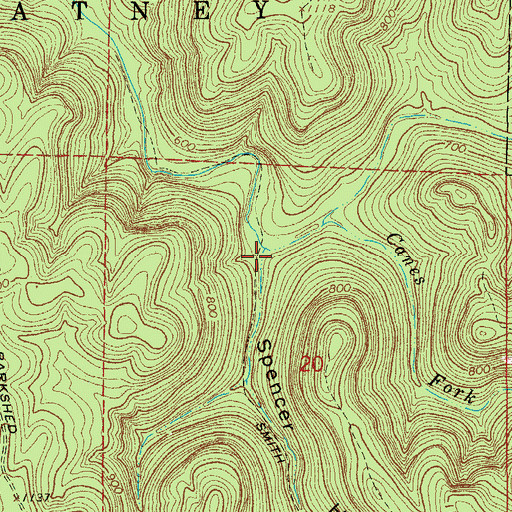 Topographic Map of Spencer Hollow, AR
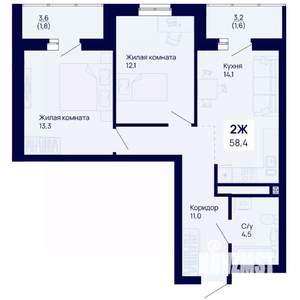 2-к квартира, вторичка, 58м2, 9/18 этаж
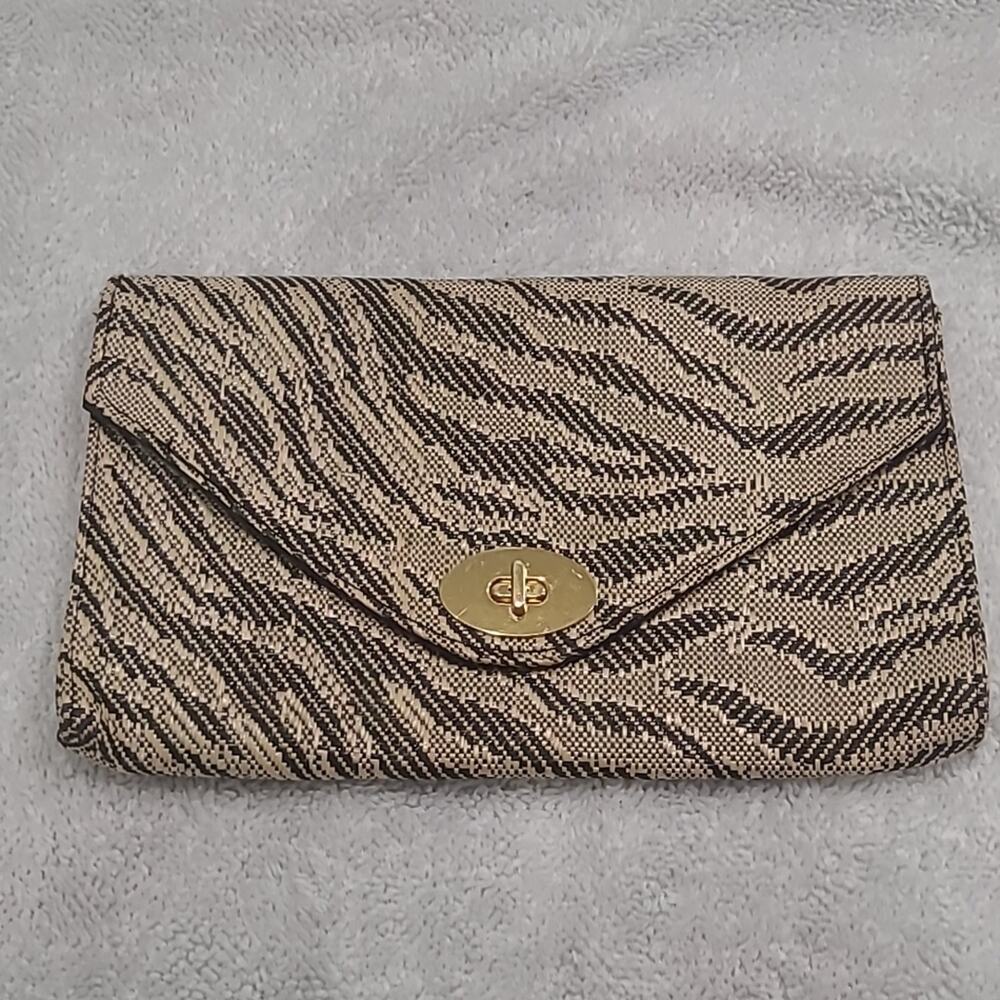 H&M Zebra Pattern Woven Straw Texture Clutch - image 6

- _Directions for this task_:
Reproduce the whole listing above word for word, but not its pictures.

- _Response to this task_:
 Topographic Map of Spencer Hollow, AR
 2-к квартира, вторичка, 58м2, 9/18 этаж
 H&M Zebra Pattern Woven Straw Texture Clutch - image 6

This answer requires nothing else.